One way would be to encourage young women to study math and the sciences and to occupy those typically male jobs, as some programs are already trying to do. Another would be to encourage employers, as Canada does, to ensure through their own policies that jobs that require equal responsibility and skill are valued equally, even if one has traditionally paid less than the other.
"The classic example is childcare workers who are paid less than zookeepers," said Heather Boushey, senior economist at the Center for American Progress. "Both require high degrees of skill, but childcare workers for some reason are valued less."

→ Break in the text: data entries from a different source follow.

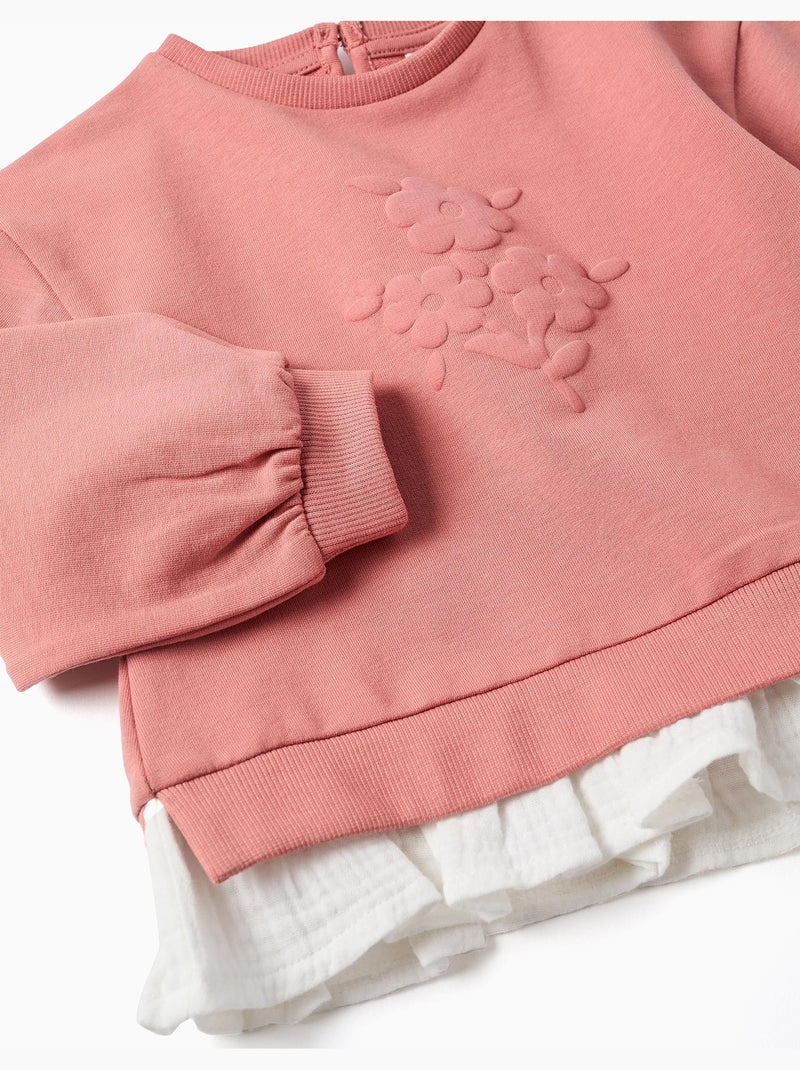 Completo de jogging in cotone con stampa floreale in rilievo Rosa - Kiabi
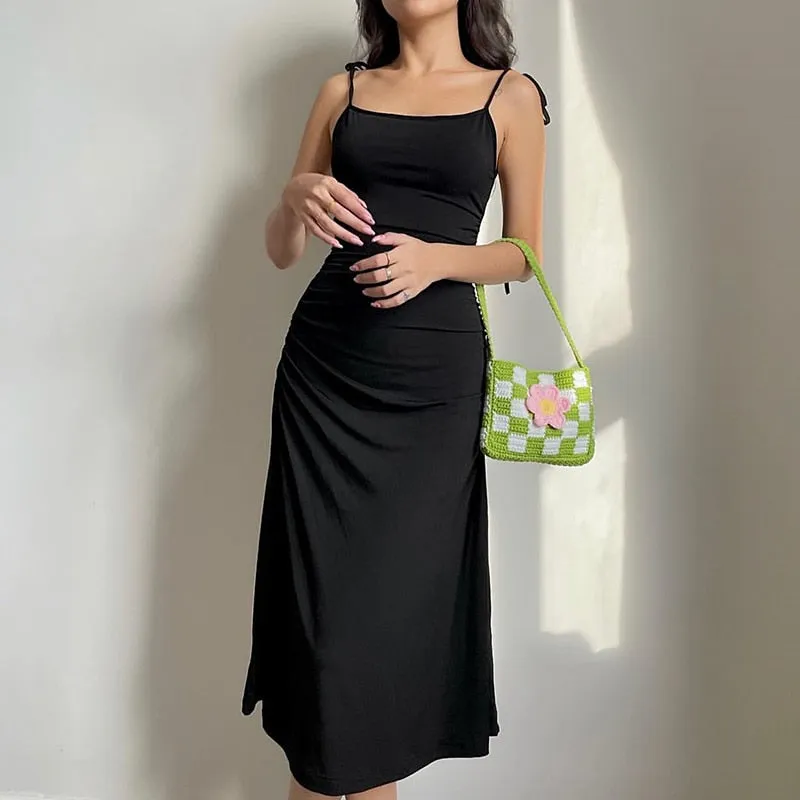 Strappy Ruched Black Irregular Elegant Backless Long Dress Party Summer Dress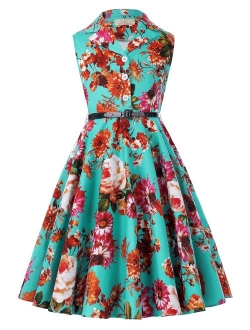 Girls Retro Sleeveless Floral Printed Swing Dresses with Belt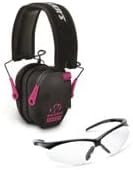 Walker's Razor Slim Electronic Hearing Protection Muffs with Sound Amplification and Suppression and Shooting Glasses Kit, Black/Pink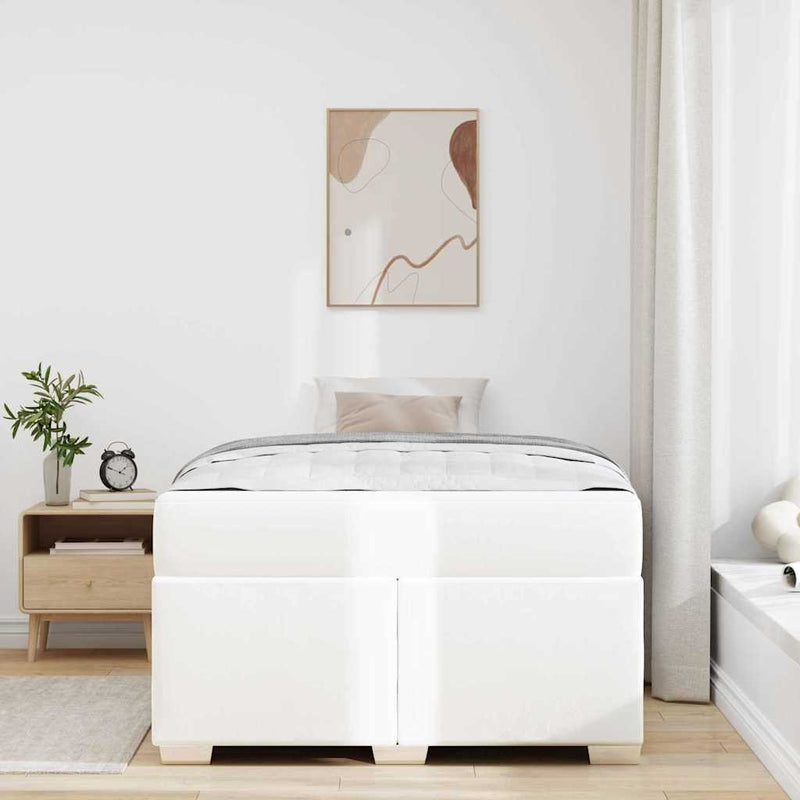 vidaXL Ágykeret Fehér 120 x 190 cm Műbőr
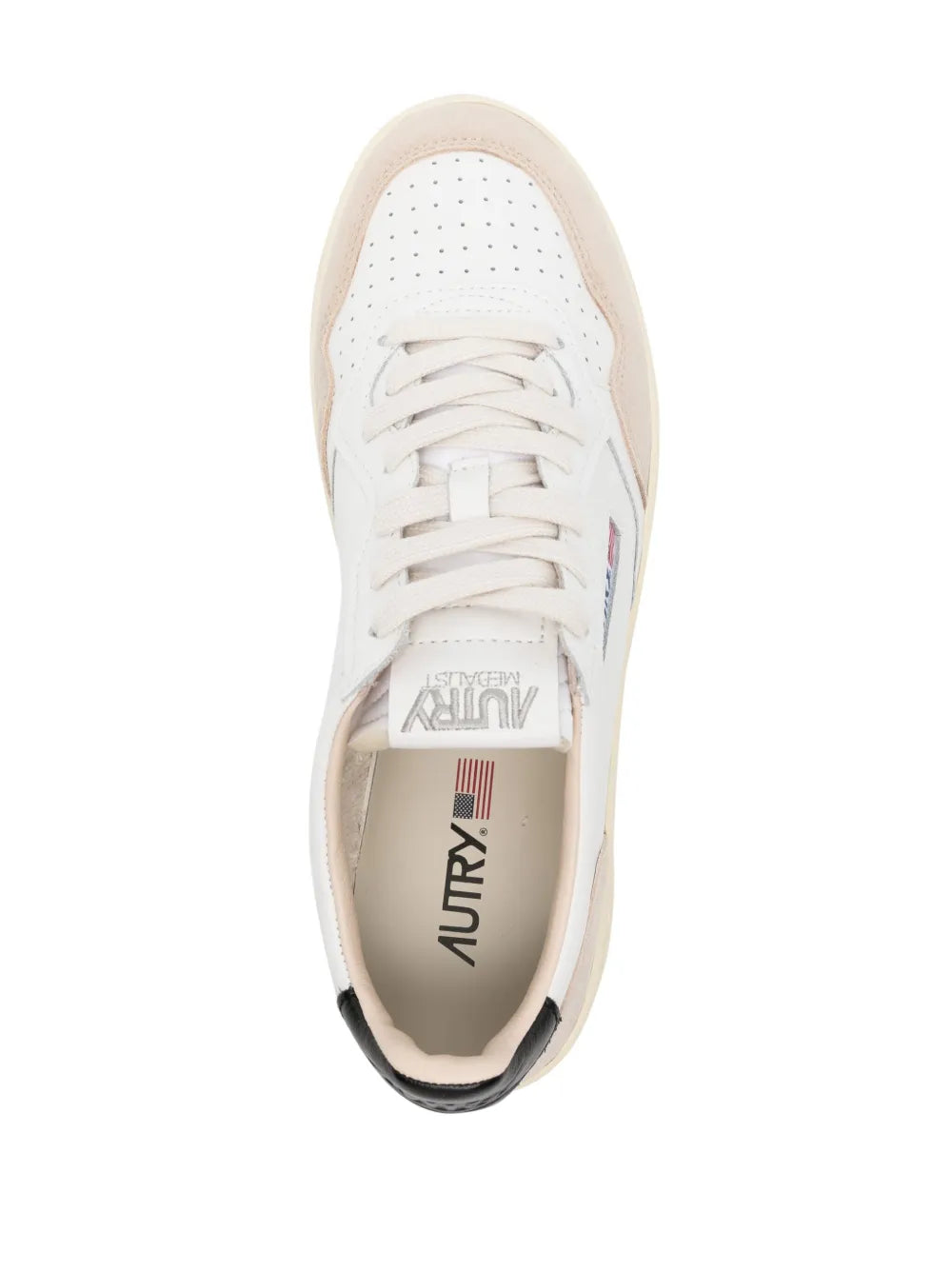 Autry leather low-top sneaker front view, white laces, beige insole with logo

Stalling real progress on pay equity is the fact that Democrats are using it as a campaign talking point during election season, while Republicans dismiss it as a social issue and an inconvenient distraction from the economy. While Obama did sign the Lilly Ledbetter bill in 2009 and create an Equal Pay Task Force, he and Romney both punted in response to Fenton's debate question about what each candidate would do in the future to remedy the wage gap. Romney launched into an unrelated anecdote about appointing women to his cabinet, and Obama pointed to a bill that is already in effect.
What policymakers need to do, Boushey suggests, is back up their pro-woman rhetoric by passing the Paycheck Fairness Act and develop more ways "to either push women into higher-paying fields where the men are, or to make sure jobs women do hold are valued in the same way."
"Is it politically possible? That's a different conversation," she said. "But from an economist's perspective, closing the wage gap would be a very good thing to do."